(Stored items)
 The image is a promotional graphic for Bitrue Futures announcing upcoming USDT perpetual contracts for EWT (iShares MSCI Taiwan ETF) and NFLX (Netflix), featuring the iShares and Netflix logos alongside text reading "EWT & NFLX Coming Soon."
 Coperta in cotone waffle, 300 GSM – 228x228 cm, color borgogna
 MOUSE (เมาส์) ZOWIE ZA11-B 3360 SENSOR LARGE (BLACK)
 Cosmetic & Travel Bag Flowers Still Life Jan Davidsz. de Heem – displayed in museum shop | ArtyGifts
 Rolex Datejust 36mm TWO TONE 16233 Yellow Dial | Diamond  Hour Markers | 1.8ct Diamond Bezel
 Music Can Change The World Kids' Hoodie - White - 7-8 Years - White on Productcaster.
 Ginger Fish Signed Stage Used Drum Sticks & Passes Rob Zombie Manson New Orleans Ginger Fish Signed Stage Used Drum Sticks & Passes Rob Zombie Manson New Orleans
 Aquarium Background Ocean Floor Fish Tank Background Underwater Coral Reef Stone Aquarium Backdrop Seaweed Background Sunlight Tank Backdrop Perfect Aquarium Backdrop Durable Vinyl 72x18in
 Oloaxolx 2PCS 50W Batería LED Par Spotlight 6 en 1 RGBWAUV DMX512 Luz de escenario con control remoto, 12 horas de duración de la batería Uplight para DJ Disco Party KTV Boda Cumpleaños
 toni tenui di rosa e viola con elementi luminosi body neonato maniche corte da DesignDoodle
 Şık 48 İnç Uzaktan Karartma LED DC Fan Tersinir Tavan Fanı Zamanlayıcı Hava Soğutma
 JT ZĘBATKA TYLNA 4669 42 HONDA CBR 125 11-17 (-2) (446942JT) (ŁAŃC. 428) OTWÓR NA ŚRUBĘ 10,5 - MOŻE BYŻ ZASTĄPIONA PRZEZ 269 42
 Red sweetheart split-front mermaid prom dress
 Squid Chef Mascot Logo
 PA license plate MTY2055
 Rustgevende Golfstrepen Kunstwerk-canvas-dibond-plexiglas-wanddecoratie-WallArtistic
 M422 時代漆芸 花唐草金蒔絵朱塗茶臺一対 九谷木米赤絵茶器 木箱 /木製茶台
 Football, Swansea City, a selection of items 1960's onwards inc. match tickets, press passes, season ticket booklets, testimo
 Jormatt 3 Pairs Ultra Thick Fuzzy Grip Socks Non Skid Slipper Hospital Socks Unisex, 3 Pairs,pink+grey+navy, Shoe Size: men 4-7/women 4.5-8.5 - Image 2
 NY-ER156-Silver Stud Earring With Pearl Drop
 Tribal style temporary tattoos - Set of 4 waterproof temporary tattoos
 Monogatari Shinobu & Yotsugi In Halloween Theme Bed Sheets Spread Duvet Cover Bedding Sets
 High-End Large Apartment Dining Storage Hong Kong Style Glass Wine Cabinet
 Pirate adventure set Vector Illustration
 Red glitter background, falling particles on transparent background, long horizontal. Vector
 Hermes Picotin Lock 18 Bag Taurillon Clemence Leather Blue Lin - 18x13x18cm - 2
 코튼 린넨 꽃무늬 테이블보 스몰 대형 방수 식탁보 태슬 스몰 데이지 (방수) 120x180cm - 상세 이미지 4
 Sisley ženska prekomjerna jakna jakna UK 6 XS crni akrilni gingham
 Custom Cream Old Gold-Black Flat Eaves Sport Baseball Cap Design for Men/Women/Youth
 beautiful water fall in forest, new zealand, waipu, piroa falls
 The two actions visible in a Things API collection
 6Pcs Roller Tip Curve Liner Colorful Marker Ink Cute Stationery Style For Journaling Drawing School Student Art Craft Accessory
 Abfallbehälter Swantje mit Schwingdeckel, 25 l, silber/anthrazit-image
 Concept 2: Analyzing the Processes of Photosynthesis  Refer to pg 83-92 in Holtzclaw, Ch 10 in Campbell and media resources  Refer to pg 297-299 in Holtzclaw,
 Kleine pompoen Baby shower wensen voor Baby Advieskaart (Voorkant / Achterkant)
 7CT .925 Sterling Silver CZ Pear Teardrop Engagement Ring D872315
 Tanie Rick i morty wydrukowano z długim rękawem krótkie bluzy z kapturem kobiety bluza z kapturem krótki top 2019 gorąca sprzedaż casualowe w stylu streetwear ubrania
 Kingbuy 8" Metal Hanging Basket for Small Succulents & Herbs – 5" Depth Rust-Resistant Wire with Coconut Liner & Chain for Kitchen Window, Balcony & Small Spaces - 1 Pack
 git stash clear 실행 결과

• Exercise prompt: Wherever the string "Silver" appears in a line of the records, copy that line.

• Answer box:
 NY-ER156-Silver Stud Earring With Pearl Drop
 7CT .925 Sterling Silver CZ Pear Teardrop Engagement Ring D872315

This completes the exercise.